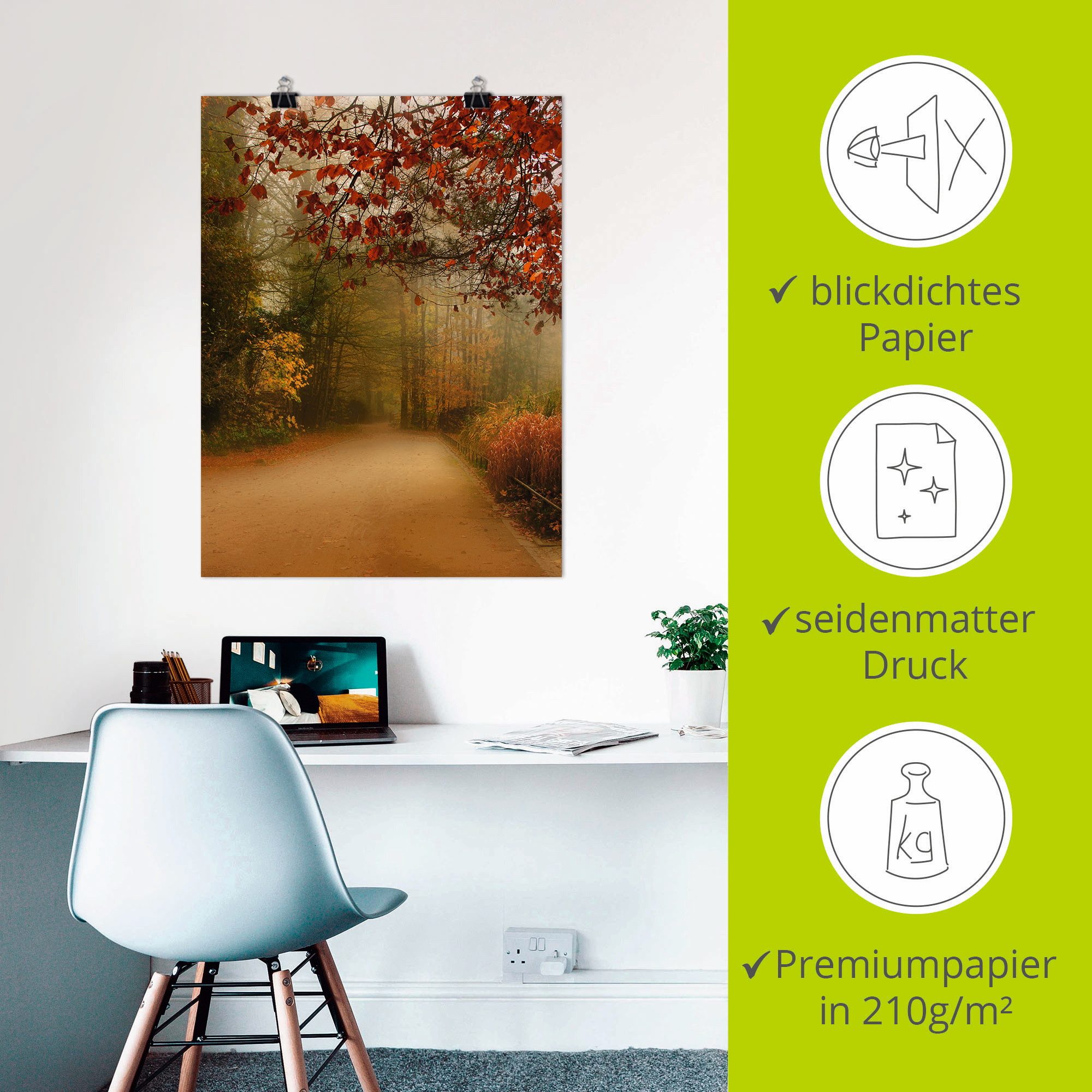 Artland Artprint Herfst in het park als poster in verschillende formaten maten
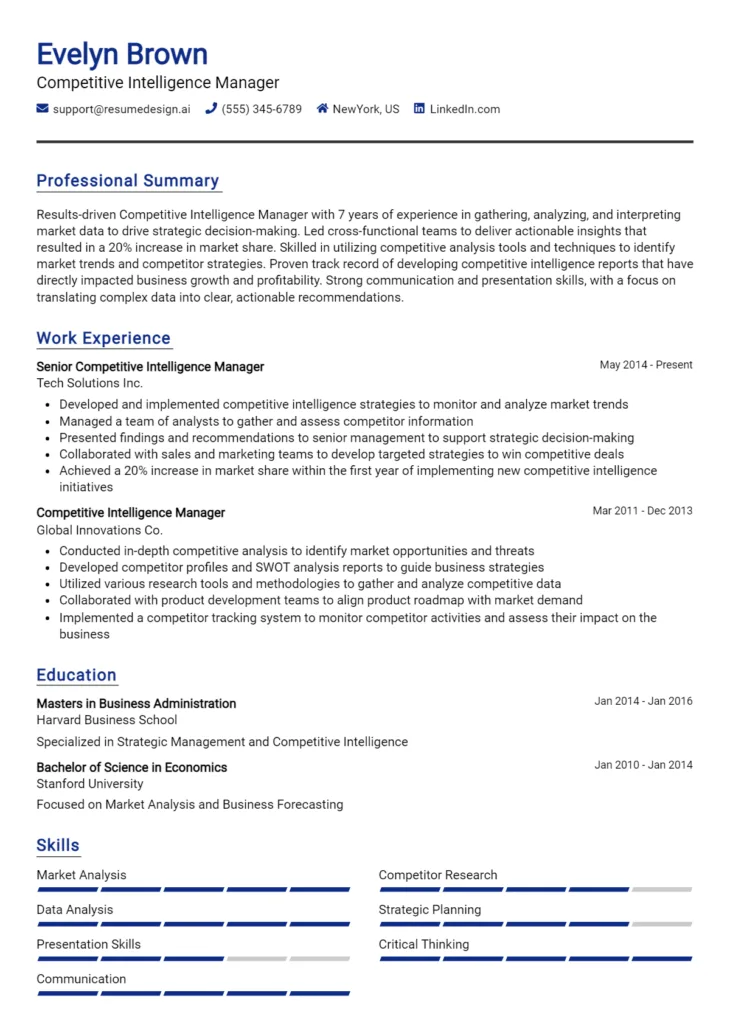 Competitive Intelligence Manager Resume Example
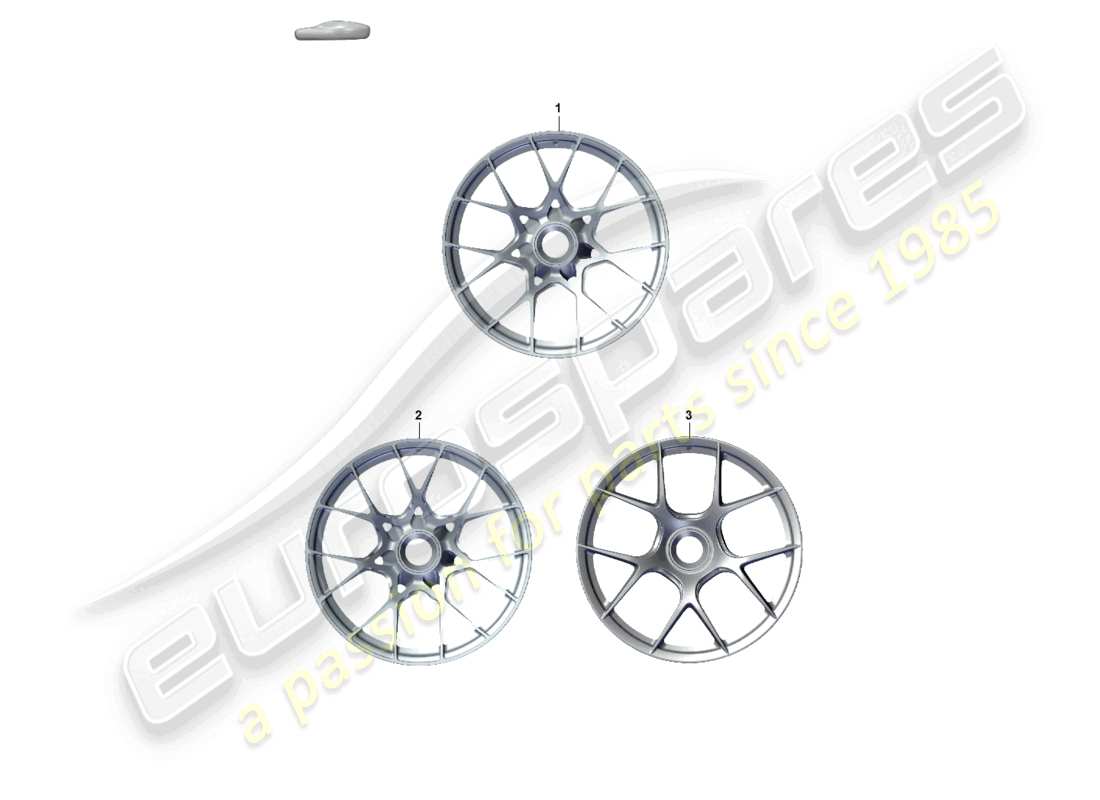 porsche 2022 (992-1 gt3/rs/st) alloy wheel central locking parts diagram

Work task -> Your job is to repeat the data exactly, leaving each picture out.

Written solution ->
 Artland Artprint Herfst in het park als poster in verschillende formaten maten
 Competitive Intelligence Manager Resume Example
 porsche 2022 (992-1 gt3/rs/st) alloy wheel central locking parts diagram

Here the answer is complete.